Windows 8: welcome back Microsoft

Windows-8-Start-screen--462x346

Windows 8: welcome back Microsoft

Steven Sinofsky bring that beautiful, bald head over here so I can give it a kiss. I’ve just watched Microsoft’s Windows 8 reveal and I’m happier than all 15 of Arnold Schwarzenegger’s lawyers.

Last week I was whinging about how Ubuntu bored me. After promising bold reinvention, Canonical did the OS equivalent of rearranging its sock drawer. Well, that’s not what I wanted. I wanted Canonical to tip the drawer out; maybe throw some boxer shorts in there – hell, go mad, put the Spiderman Y fronts on hangers. Something, anything, that would make the OS market a little more interesting.

Well blow me down if Microsoft hasn’t done just that.

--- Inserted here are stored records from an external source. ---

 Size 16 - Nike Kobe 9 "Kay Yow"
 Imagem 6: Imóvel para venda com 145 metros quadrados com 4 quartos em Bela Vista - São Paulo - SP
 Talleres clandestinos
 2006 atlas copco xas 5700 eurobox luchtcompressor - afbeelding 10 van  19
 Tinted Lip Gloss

Windows 8 in inheriting the Windows Phone 7 Metro UI, making it suitable for even the stubbiest of stubby fingers. (Incidentally, how on Earth has Microsoft R&D never got touch right in the past? Surely, if you’ve got the monstrous paws of sausage-fingered Steve Ballmer to work with, perfecting a touch interface everybody can use is a doddle).

Dave Stevenson on why Stuart Turton’s wrong: Windows 8 can’t work on desktops, laptops and tablets

There are other bits and bobs, of course, but in a funny sort of way I’m not interested in the feature list. What delights me is that a company of Microsoft’s size is beginning to do things that make me tingly in my tech nether regions. A company we long thought to have walked off the edge of the map is back and riding a bloody, big dragon it found in the mist. There’s ideas, innovation, a willingness to experiment. Most of all there’s a suggestion that Microsoft has a plan beyond wrapping its fat arms around that big pile of cash, and falling into an irrelevant, dreamless slumber.

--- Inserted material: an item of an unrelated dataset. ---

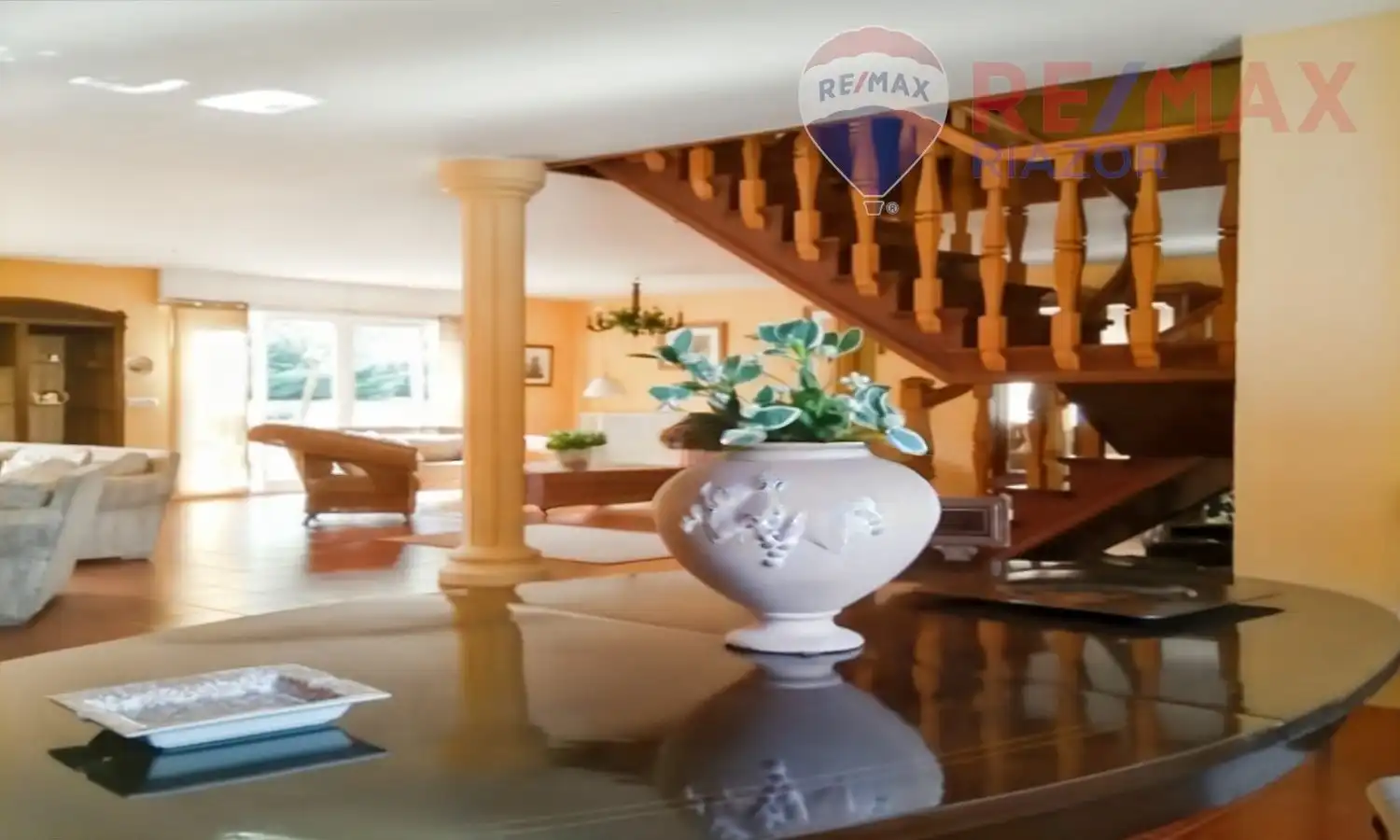 Chalet con piscina en alquiler en Zaramacedo 0, imagen 14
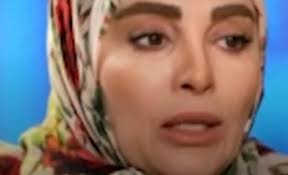 دفاع ژیلا صادقی از برخورد نیروهای امنیتی با معترضین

Microsoft has a plan beyond wrapping its fat arms around that big pile of cash, and falling into an irrelevant, dreamless slumber

Of course, we’ve no idea if Windows 8 will actually be any good. But, it will though, won’t it? Apple’s too much of a threat these days for it to be awful, and Steven Sinofsky – who has begun dressing in jeans and black shirts, just saying – seems to have had a galvanising effect over at Redmond.

There’s also the fact that if you’re going to blow $8.5 billion on a company worth precisely 27p, as Microsoft’s just done with Skype, there’s no way it won’t find its way into your biggest product. My bet is that Microsoft’s laying the groundwork for people who own Windows Phone devices to effortlessly talk to people on Windows PCs and tablets, á la FaceTime – a name that’s single handily prevented me from ever using that feature simply because having FaceTime with my mum sounds so wrong.

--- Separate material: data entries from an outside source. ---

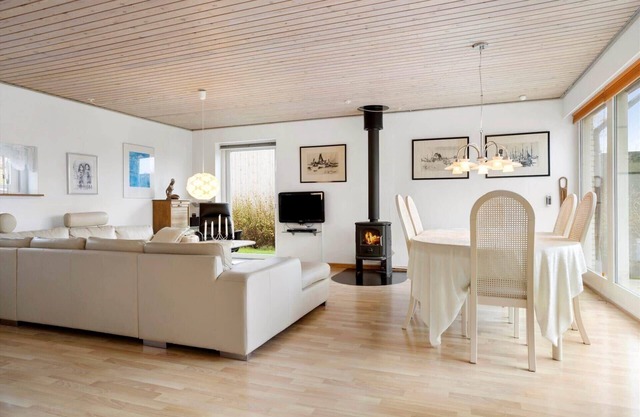 20416 Samsø - Strandvejen 10 A
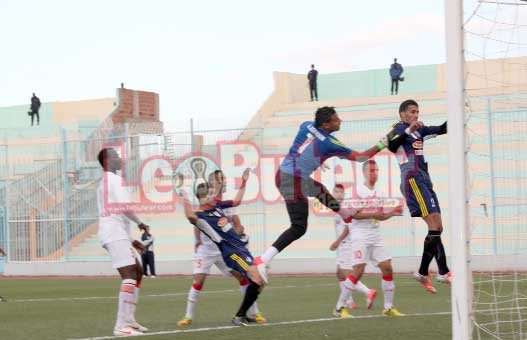 USMA-MCO : Courbis : «Ce match de Coupe face à Saoura sera différent de celui du championnat»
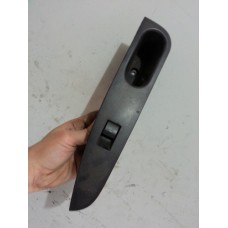 Botão De Vidro Traseiro D/ Ford Fusion 2.3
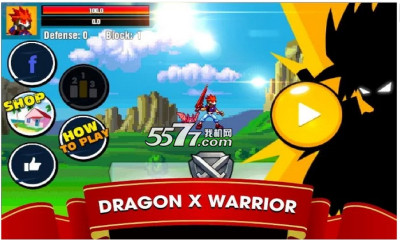 սX:ڰ籩(ĸ)Dragon X Fighter Dark Stormͼ0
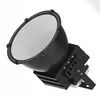 High Bay LED Light 400W Sport Light Stadion Warehouse Bracket Light LED Dimmable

Alongside this, you’ve got to believe that Microsoft’s app store thingy is finally about to hit the big time. After all, if you’re encouraging people to develop apps for your platform it helps if you’ve got something with the girth of Windows to flog them across. Still, I’m not saying Windows 8 will work. Microsoft’s taking risks. Microsoft. Beige, bland, boring, speccy Microsoft. It’s like finding out my dad spends his weekends skydiving into fields filled with swords and supermodels.

I’m also saying that from where I stand, Microsoft’s currently more interesting than Canonical, and that’s a very bizarre thought indeed. Perhaps, if Mark Shuttleworth was bald … it seems to be working for Microsoft and Apple.